-- Exercise details --
Please copy exactly the part of the records below that opens with the line containing "虾皮炖丝瓜的做法步骤：3" and closes with the line containing "Держатель для смартфона", leaving out any pictures.

-- Input data --
-------------------------

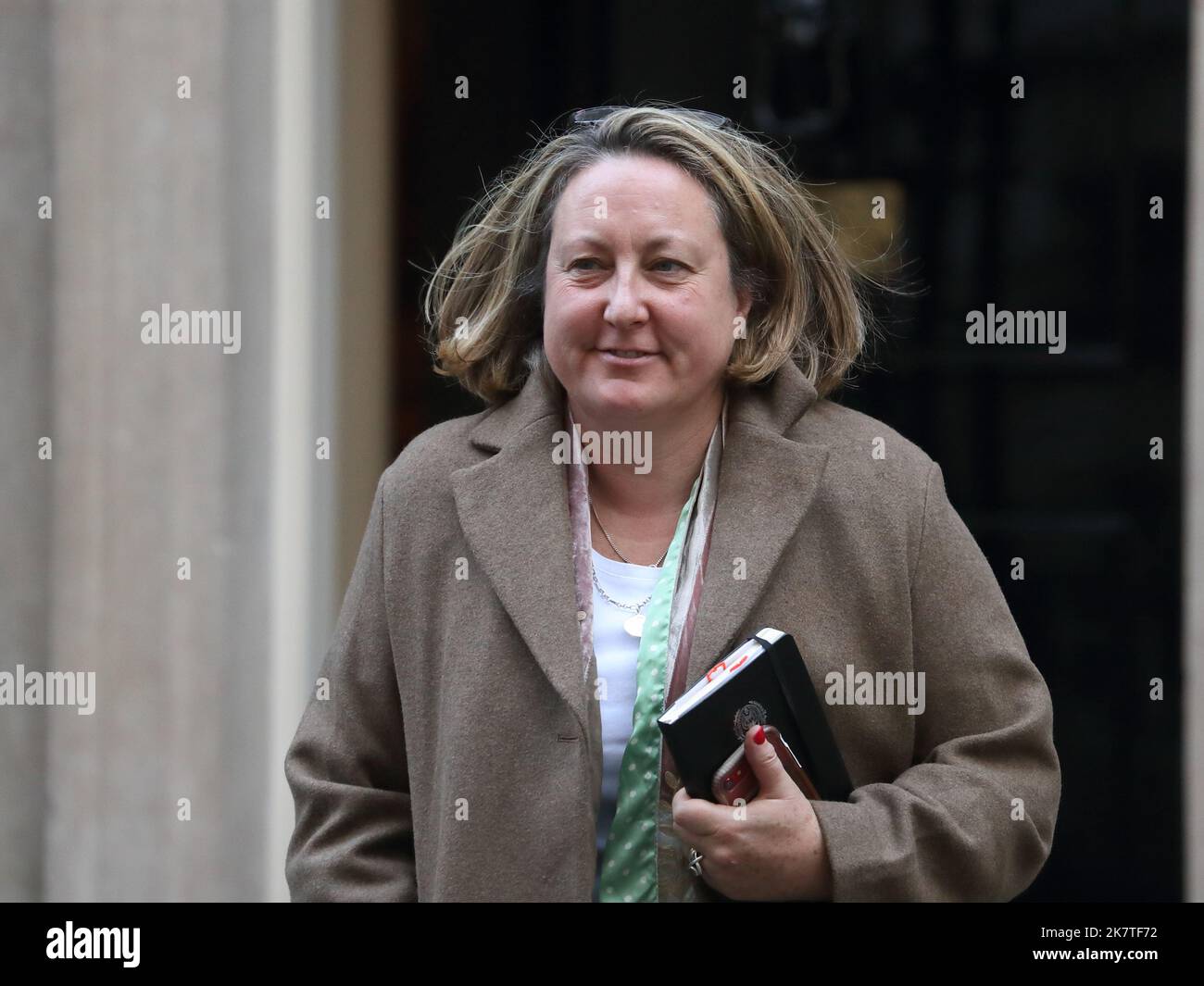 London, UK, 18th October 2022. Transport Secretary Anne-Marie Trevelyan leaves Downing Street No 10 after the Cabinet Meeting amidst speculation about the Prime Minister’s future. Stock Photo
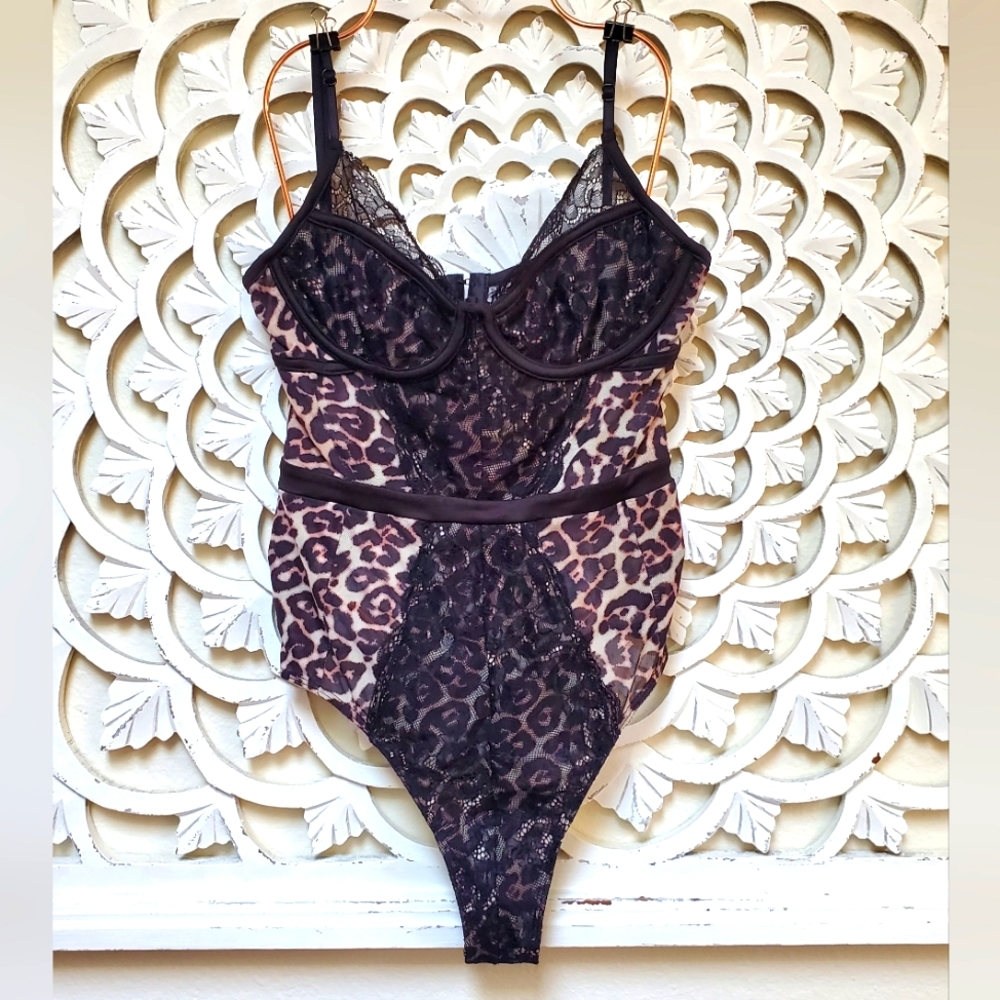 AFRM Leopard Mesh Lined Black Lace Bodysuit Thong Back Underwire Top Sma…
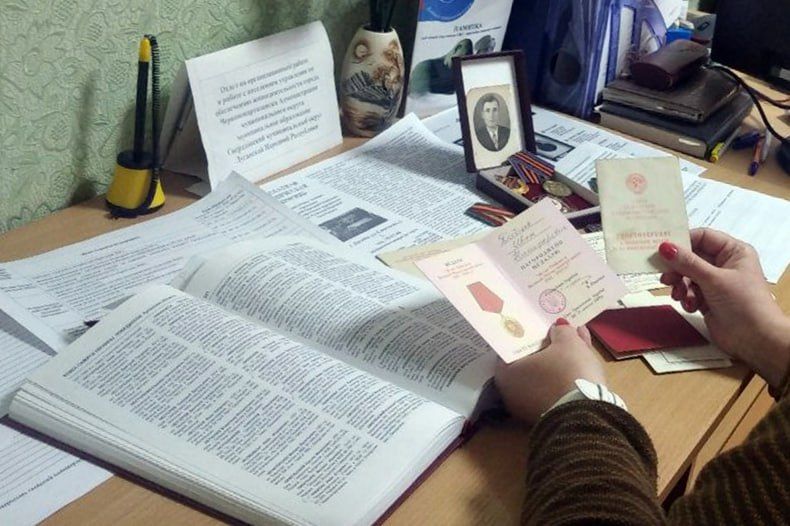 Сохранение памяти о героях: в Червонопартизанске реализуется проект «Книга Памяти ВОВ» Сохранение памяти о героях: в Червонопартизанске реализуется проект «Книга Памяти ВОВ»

-------------------------

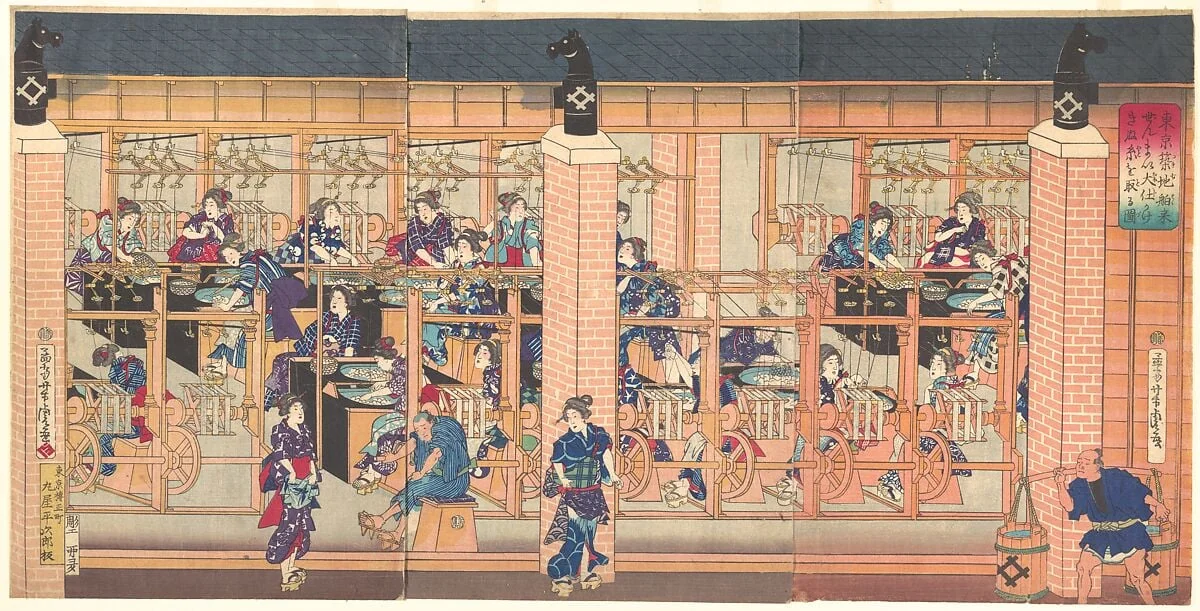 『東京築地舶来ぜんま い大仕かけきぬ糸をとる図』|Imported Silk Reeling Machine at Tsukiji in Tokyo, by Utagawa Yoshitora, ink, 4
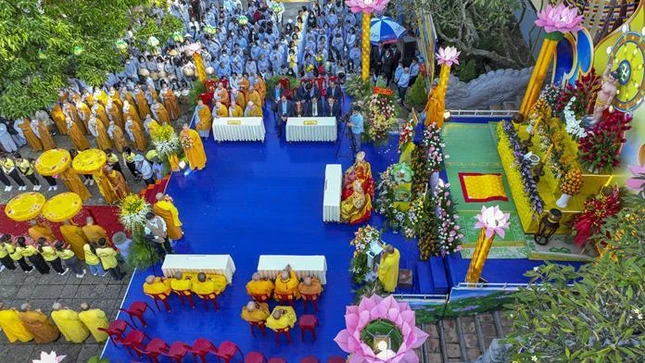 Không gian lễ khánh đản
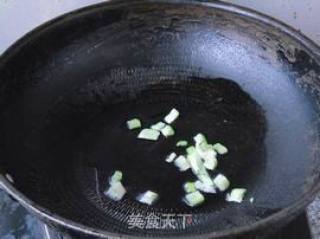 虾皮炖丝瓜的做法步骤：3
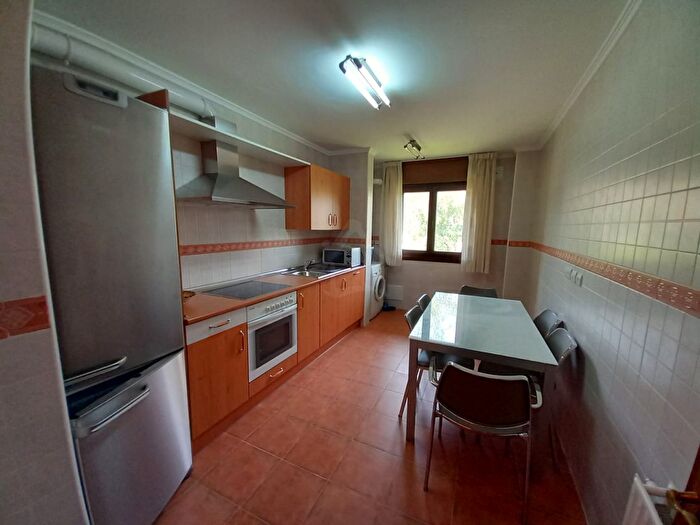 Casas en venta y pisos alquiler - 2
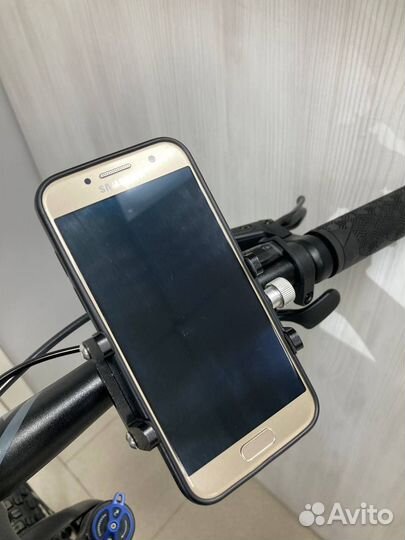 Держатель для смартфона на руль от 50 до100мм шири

-------------------------

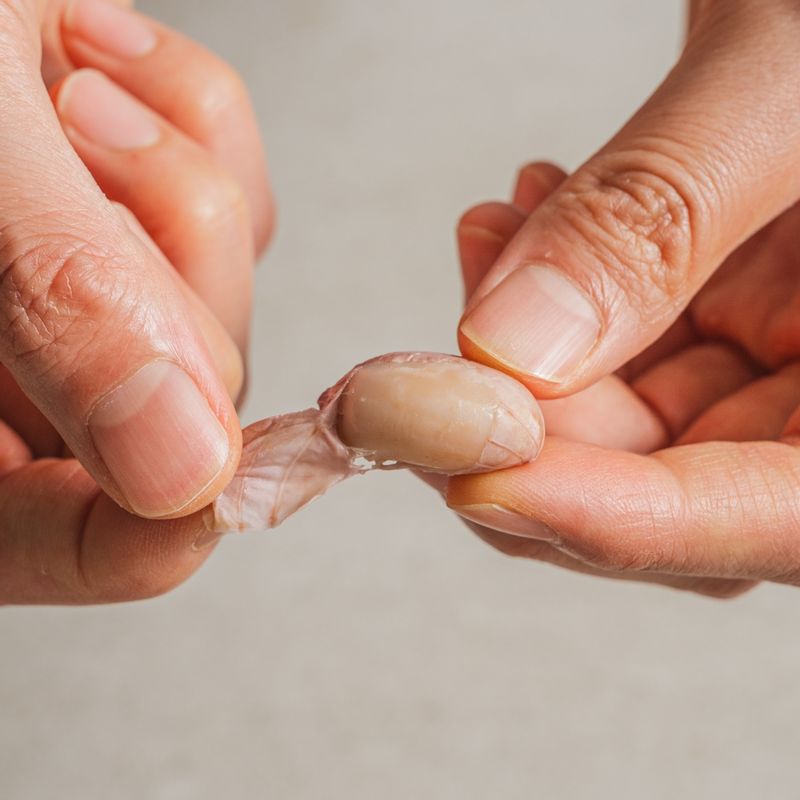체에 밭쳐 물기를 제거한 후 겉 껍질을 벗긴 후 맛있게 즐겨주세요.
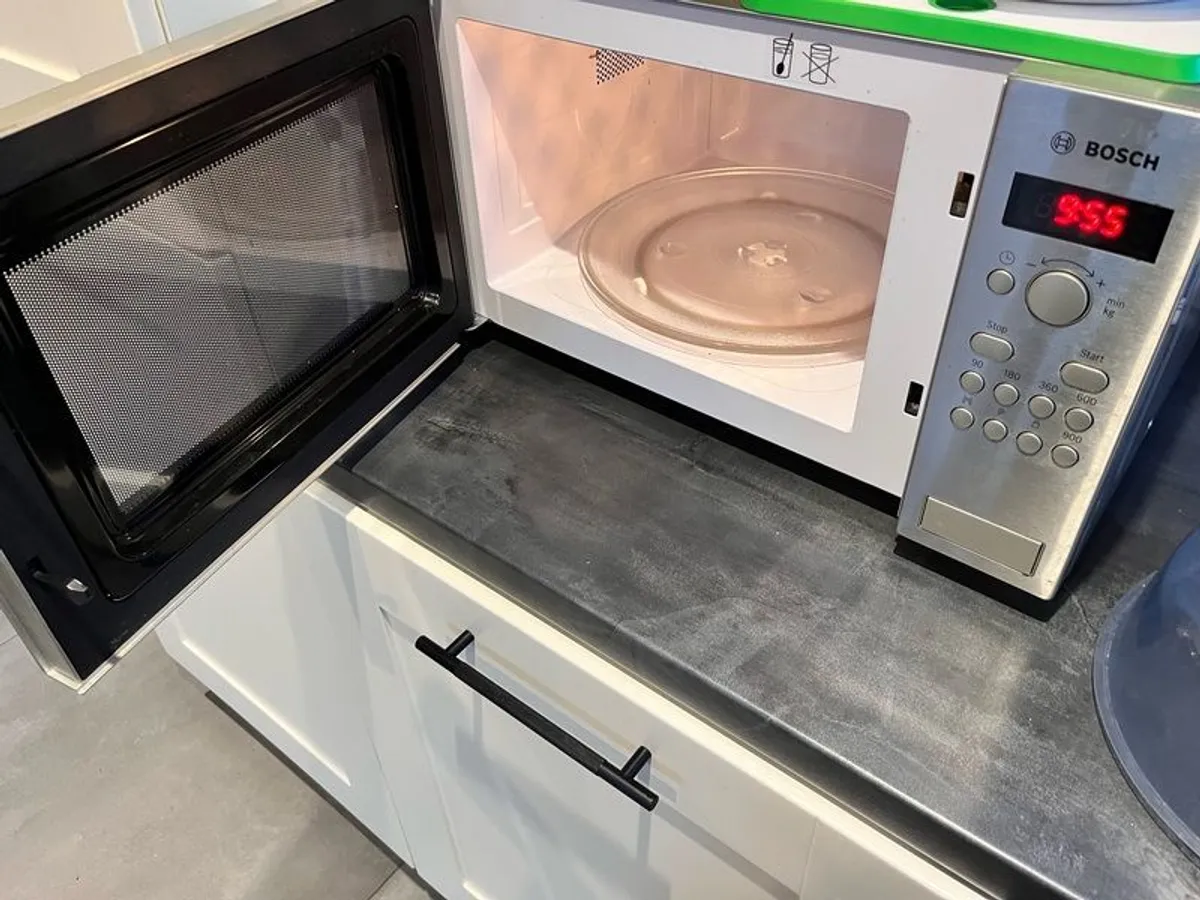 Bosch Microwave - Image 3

-------------------------

-- Output --
 虾皮炖丝瓜的做法步骤：3
 Casas en venta y pisos alquiler - 2
 Держатель для смартфона на руль от 50 до100мм шири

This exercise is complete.